## ASSIGNED TASK
Would you please copy every line from the records that contains the word "Image"?

## EXTRACTED DATA
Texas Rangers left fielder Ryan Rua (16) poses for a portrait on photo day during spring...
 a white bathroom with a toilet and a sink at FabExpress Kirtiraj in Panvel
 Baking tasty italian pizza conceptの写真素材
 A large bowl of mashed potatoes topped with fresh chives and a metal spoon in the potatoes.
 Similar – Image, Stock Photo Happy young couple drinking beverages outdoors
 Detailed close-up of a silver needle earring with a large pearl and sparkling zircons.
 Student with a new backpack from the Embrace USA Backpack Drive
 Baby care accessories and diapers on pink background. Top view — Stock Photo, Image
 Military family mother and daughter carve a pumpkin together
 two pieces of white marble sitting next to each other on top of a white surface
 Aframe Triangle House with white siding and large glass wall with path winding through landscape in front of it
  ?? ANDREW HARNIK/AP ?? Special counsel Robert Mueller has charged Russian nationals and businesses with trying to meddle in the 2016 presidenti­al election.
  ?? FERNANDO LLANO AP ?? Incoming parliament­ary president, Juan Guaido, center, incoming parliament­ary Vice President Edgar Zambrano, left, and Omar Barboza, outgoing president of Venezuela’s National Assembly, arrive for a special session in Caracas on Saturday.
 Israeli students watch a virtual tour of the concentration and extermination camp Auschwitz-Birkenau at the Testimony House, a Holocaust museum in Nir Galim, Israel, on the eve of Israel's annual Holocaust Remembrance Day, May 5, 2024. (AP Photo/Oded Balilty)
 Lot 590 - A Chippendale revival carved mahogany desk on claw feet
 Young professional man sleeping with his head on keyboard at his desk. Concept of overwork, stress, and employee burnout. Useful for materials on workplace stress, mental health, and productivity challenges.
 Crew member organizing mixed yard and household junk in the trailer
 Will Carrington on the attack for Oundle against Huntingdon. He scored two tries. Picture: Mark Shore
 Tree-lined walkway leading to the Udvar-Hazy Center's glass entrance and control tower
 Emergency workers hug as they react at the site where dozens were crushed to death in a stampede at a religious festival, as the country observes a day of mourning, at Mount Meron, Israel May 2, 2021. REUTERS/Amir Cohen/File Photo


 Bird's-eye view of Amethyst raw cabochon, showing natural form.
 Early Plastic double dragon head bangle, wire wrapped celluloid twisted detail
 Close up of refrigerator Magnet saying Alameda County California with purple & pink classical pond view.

## TASK RESULT
 Similar – Image, Stock Photo Happy young couple drinking beverages outdoors
 Baby care accessories and diapers on pink background. Top view — Stock Photo, Image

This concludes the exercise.